Waikato-Tainui is disappointed at the resolution by the Hamilton City Council today blocking an option for Māori wards at the next local body elections.
The resolution to provide the creation of Māori wards in the region was lost 8-4 today. The council has instead chosen to spend a three-year conversation to consider it further.
Te Arataura chair Linda Te Aho says the local government decision is short-sighted and driven by political expediency.
“It is disheartening that Hamilton City Council has failed to seize this opportunity to embrace diversity and inclusion for more robust and sustainable decision-making that reflects our community.
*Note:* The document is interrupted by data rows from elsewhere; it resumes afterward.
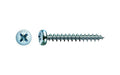 SPAX Spanplattenschrauben PH PZ2 4,5x16 mm Vollgewinde, verzinktt, 1000 Stk.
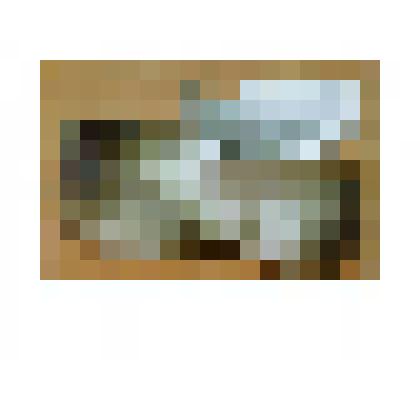 Пепельница "Башмак"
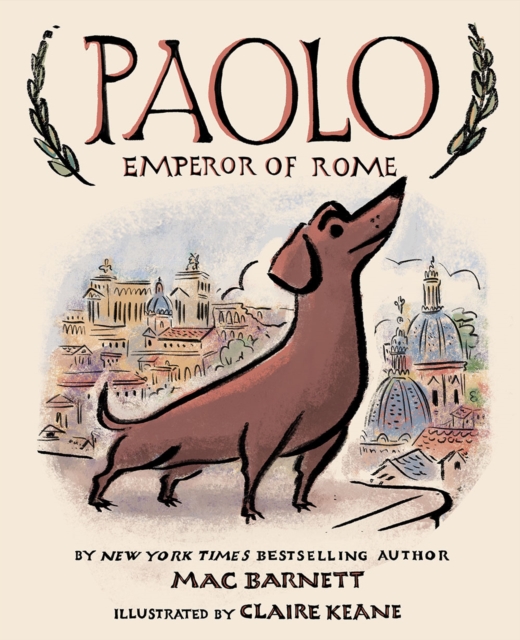 Paolo, Emperor of Rome, Hardback Book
Instead, the council’s decision lacks courage and perpetuates a paradigm of exclusion.
"The inclusion of Māori in all levels of decision-making was an opportunity for councils to be bold, to act honourably and in accordance with the provisions of Te Tiriti o Waitangi."
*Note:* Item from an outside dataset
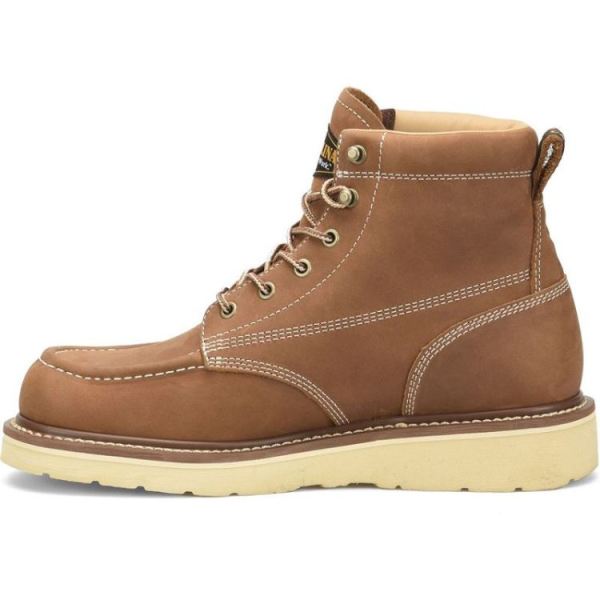 CAROLINA | MEN'S Amp in Medium Brown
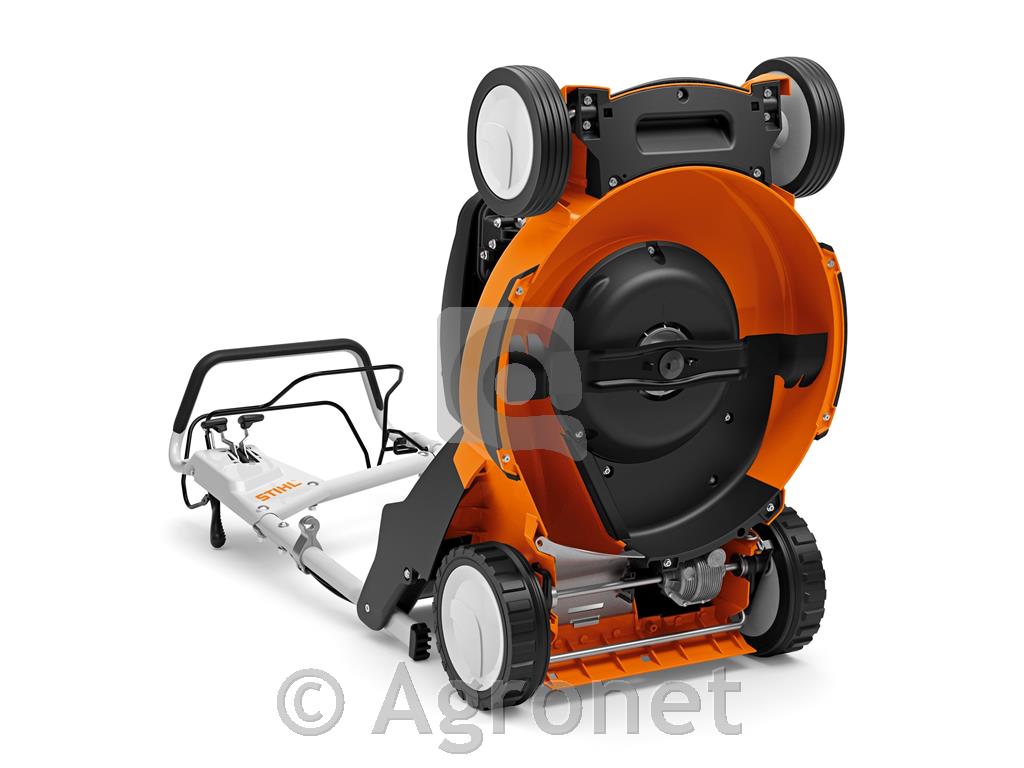 Bencinska kosilnica RM 655 VS STIHL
Hamilton Mayor Paula Southgate says while some good work had been done, she acknowledged the council had much more to do in improving meaningful participation for Māori across the city.
"But I could not, in all conscience, introduce Māori wards without having consulted with the wider community," she says.
"I don’t believe that would have achieved the right outcome, either for Māori or for the city. I am concerned a rushed process would divide our city, not enrich it."
"Today’s decision commits the council to continuing a very robust conversation, which I believe will culminate in Māori wards in the near future. In the meantime, we can do a lot more across all areas of the council to increase and improve Māori participation and we will be a better city for it."
Earlier this year, Local Government Minister Nanaia Mahuta removed legislative barriers to create Māori wards.
The introduction of the Local Electoral (Māori Wards and Māori Constituencies) Amendment Act requires councils to decide by May 21, 2021, if Māori wards should be established for the 2022 local government elections.
The Hamilton City Council has just released He Manawa Pou Ora, which is a framework that is said to be underpinned by the Treaty of Waitangi and sets a platform on its journey toward creating a more socially, economically and environmentally diverse city.